I agree, Noah is still so lanky and skinny atm and I'm pretty sure I feed more than reccomended on raw haha.


----------



## Pumpernickel (Apr 5, 2012)

Awwww I think he is getting more handsome! I love his fluffy ears


----------



## SugarChi (Oct 30, 2011)

Lol sorry guys, I will try get some nice pics of the girls tomorrow and post them too  

Ye Sugar was skinny up until a year old, she's filled out now, but she was never lanky, she stayed short and compact. 
Maybe it's more boys that are lanky?! Though it's prob just diff dogs shapes! Was hoping he was gonna fill out sooner than a year old, he's gonna be a lanky wee man for a while yet then lol! Can't wait to see him fully grown, then ill want him to be a puppy again haha


----------



## TLI (Sep 3, 2008)

Boo, you are just too cute!!!


----------



## Buildthemskywards (Jun 16, 2012)

I think he's absolutely beautiful! I've missed seeing you around


----------



## Lisa T (Sep 3, 2010)

Aww little Boo, I've missed that little pink nose. Nice to see you again.


----------



## MChis (Oct 13, 2009)

Awww what a cutie pie! Love that in between coat stage...they're so unique looking. It's awesome seeing them "transform".


----------



## ValerieZ84 (Dec 27, 2012)

Hes cute... loving the 'beauty mark' near his lip


----------



## Barracuda51 (Oct 7, 2012)

Awwww he's adorable..


----------



## jesuschick (Dec 5, 2010)

What a beautiful boy!


----------



## SugarChi (Oct 30, 2011)

Thanks everyone  

He's a lovely wee man, it's still a bit strange having a boy tho, question for male owners, do u trim the hair on his peepee or leave it? After he's been out to toilet it's still wet so just wondering wat others do! If anything?


----------



## Zorana1125 (Oct 24, 2010)

SugarChi said:


> Thanks everyone
> 
> He's a lovely wee man, it's still a bit strange having a boy tho, question for male owners, do u trim the hair on his peepee or leave it? After he's been out to toilet it's still wet so just wondering wat others do! If anything?
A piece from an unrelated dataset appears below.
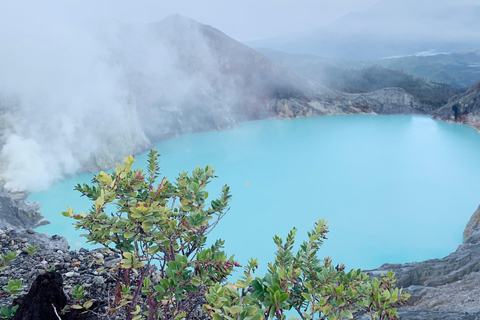 Banyuwangi: Escursione di un giorno al Monte Ijen con visita guidata al fuoco blu di mezzanotte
I have the groomer who trims the boys' nails trim Leo's paw fur, butt fur, and peeper fur too. 


Sent from my iPhone using Petguide.com Free App


----------



## intent2smile (Dec 4, 2011)

Awww Boo is so cute!!! I love the fuzzy ears and how lean and tall he is in the pictures he looks so adorable.


----------



## SugarChi (Oct 30, 2011)

Zorana1125 said:


> I have the groomer who trims the boys' nails trim Leo's paw fur, butt fur, and peeper fur too.
> 
> 
> Sent from my iPhone using Petguide.com Free App


Oh so people do trim it?? I heard before that that hair helps them to aim their pee though, have u had any problems with it being trimmed?


----------



## Zorana1125 (Oct 24, 2010)

SugarChi said:


> Oh so people do trim it?? I heard before that that hair helps them to aim their pee though, have u had any problems with it being trimmed?


They trim it with clippers but not all the way down. Leo's was getting so long when he was a puppy that it would almost touch the floor. So it still acts as a little spout to help the potty flow. 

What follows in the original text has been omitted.